C’est très impor­tant. Cela passe à la fois par du mana­ge­ment de proxi­mité et une vision de long terme et peut-être, pour un temps, moins de stra­té­gie. La double ques­tion qui nous est posée est la suivante : comment gère-t-on la pres­sion du quoti­dien et comment donne-t-on de la pers­pec­tive. Pour le quoti­dien, le mana­ge­ment de proxi­mité sera plus que jamais essen­tiel. Pour la pers­pec­tive, c’est la néces­sité de bien se foca­li­ser sur l’iden­tité et les rela­tions avec toutes ses parties prenantes, y compris la puis­sance publique. Par exemple, la santé au travail, on va deman­der beau­coup plus à l’en­tre­prise de la prendre en charge. Est-ce qu’on parlera de RSE demain ? Je n’en suis pas sûr, tant il sera surtout impé­ra­tif de la mettre en œuvre ! Donc, tout le monde se pose beau­coup de ques­tions sur la raison d’être des orga­ni­sa­tions avec cette crise. Entre les deux, la stra­té­gie à moyen terme, pour nous, ne sera pas la prio­rité du moment tant la visi­bi­lité est faible.

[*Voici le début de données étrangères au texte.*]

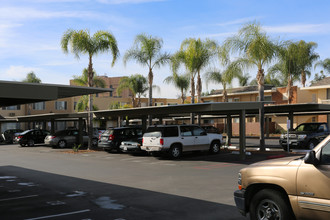 Amber Park in El Cajon, CA - Building Photo - Building Photo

Il y a de grandes incer­ti­tudes sur la suite, tant du point de vue sani­taire qu’é­co­no­mique. Comment pilo­ter dans ces condi­tions ?

Comme je viens de l’évoquer, cela passe par plus de mana­ge­ment, plus d’iden­ti­fi­ca­tion autour de la raison d’être de l’en­tre­prise et moins de stra­té­gie. C’est une tendance qui ressort dans notre étude : pour un moment au moins, on sera plus dans le pourquoi et le comment et moins dans le combien. 

Quels conseils donnez-vous aux entre­prises ?

Dès le décon­fi­ne­ment, savoir recon­naître et remer­cier l’en­ga­ge­ment des personnes. Prendre le temps du retour d’ex­pé­rience. Capi­ta­li­ser sur les bonnes choses qu’on a vues pendant ce confi­ne­ment. Savoir rassem­bler. Les équipes ont plus besoin de rassem­bleurs que de sauveurs nous a dit très juste­ment un diri­geant. Et aider ensuite à retrou­ver du sens au travail. On va récu­pé­rer des gens qui se posent plein de ques­tions exis­ten­tielles. Il faut recons­truire du sens. C’est essen­tiel que les diri­geants se concentrent là-dessus. C’est quoi notre busi­ness model ? Comment conso­li­der ce qu’on a vécu pour passer à une autre étape ? C’est quoi notre projet collec­tif et l’uti­lité de notre mission ? S’il y a un besoin de commu­ni­ca­tion interne renforcé, en revanche, on ressent une volonté de sobriété dans la commu­ni­ca­tion externe, et c’est très bien. Et, au final, il y a quatre vertus cardi­nales qui reviennent en boucle et qui consti­tuent en quelque sorte la bous­sole des diri­geants pour demain : auto­no­mie, soli­da­rité, utilité et humi­lité.